Here’s what we actually did, and it cost us next to nothing:
- Classify every incoming load by soil type. Not just “surgical” vs. “exam.” We now have three simple categories: heavy (fatty/organic), standard (routine blood/tissue), and fragile/diagnostic. A diagnostic instrument for coagulation testing gets a different recipe than a clamp set.
- Audit the actual cycle vs. the intended cycle. We use the log data from the STERIS Harmony LC (or equivalent) to compare what was programmed against what was measured. That’s how we caught the sensor drift that the machine’s own alarm system missed.
- Create a short visual reference for each category. No wall of text. Just a laminated card that says “Heavy soil? Use Cycle A. Diagnostic device? Use Cycle B.” The techs actually use it.

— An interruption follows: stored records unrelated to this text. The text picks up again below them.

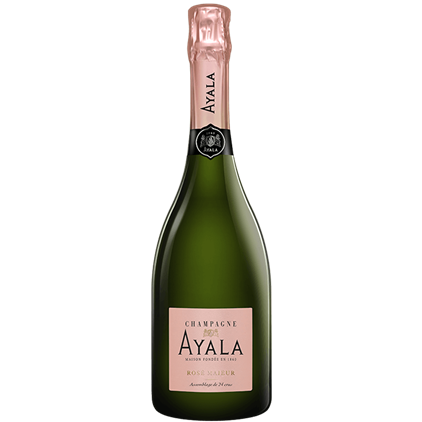 View Ayala Rose Majeur Champagne 75cl & Chocolate Praline Hearts, Wooden Box number 1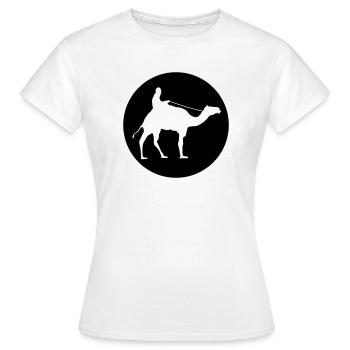 Promenade à chameaux - T-shirt Femme - blanc - Devant - AI Model Female 172 dark (172cm)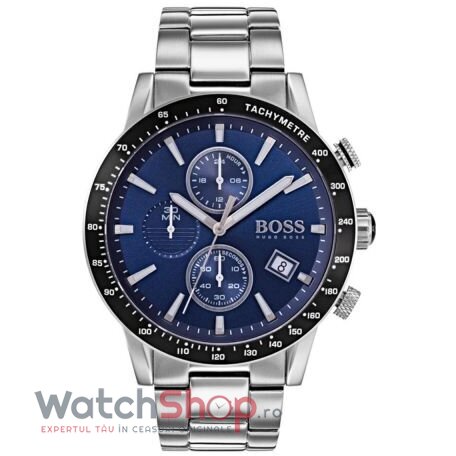 Ceas Hugo Boss Original Barbatesc Sport Albastru RAFALE 1513510 Chronograph Quartz cu Comanda Online
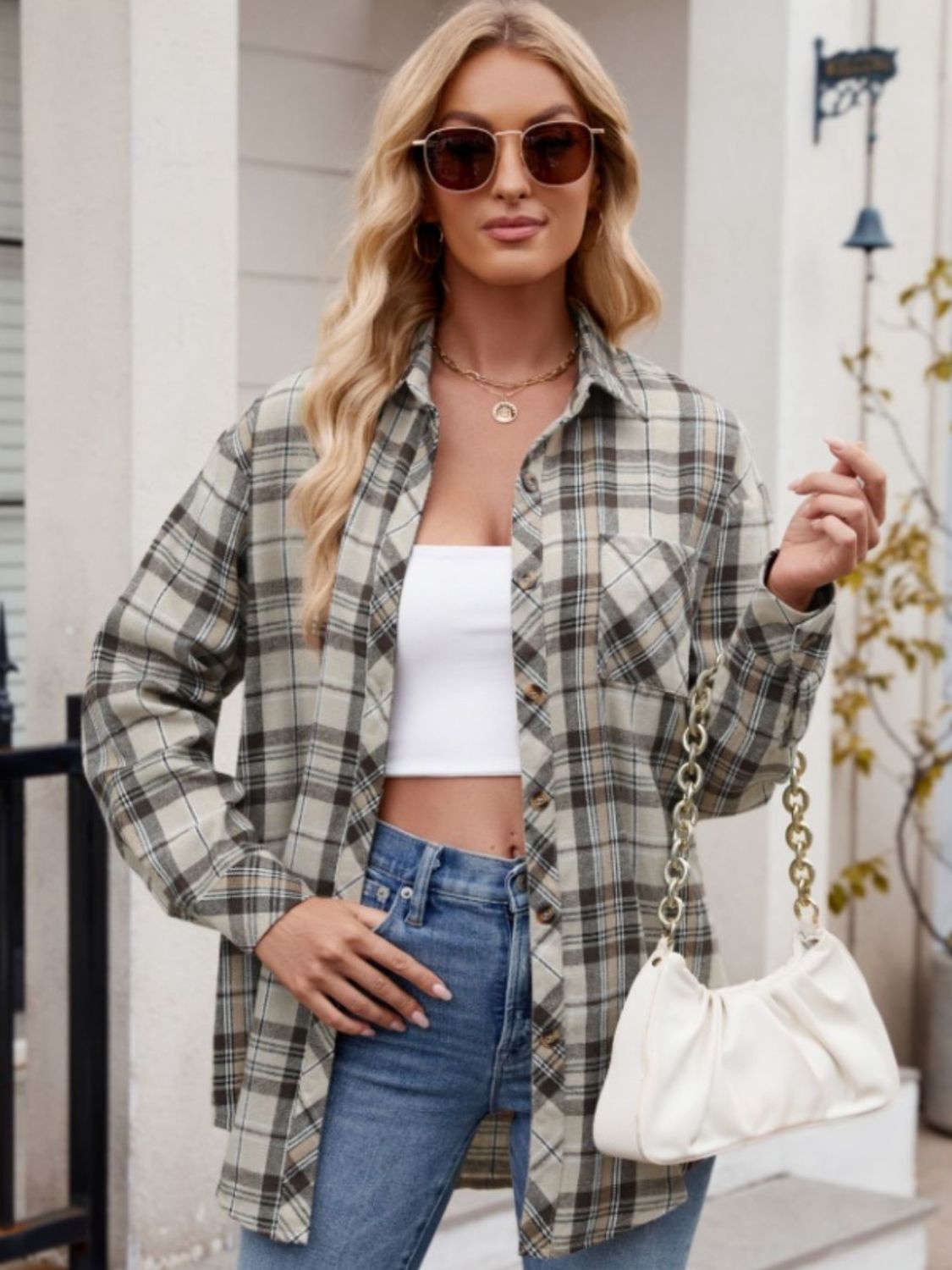Buy our "PREORDER Fall Colors Plaid Collared Neck Shirt" online – Willow Boutique Clothing. Shop stylish PREORDER Fall Colors Plaid Collared Neck Shirt today.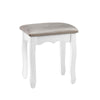 Artiss Dressing Table Stool Velvet Grey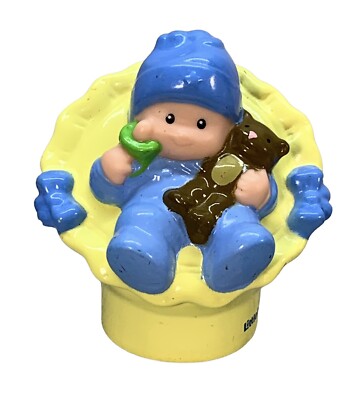 Fisher Price Little People Happy Home Infant Baby Boy Replacement Figure 2008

I’m not saying you don’t need good equipment. A neonatal incubator that isn’t properly sterilized is a risk no matter what protocol you follow. But the fundamentals haven’t changed: understand what you’re cleaning, measure whether you actually cleaned it, and don’t assume the hardware knows what to do.
Our contamination-related reruns dropped by 34% over six months. That’s not a headline. That’s a Tuesday afternoon that we don’t have to spend reprocessing a load of trays that should have been sterile the first time.
Sometimes the biggest win isn’t a new machine. It’s asking a better question.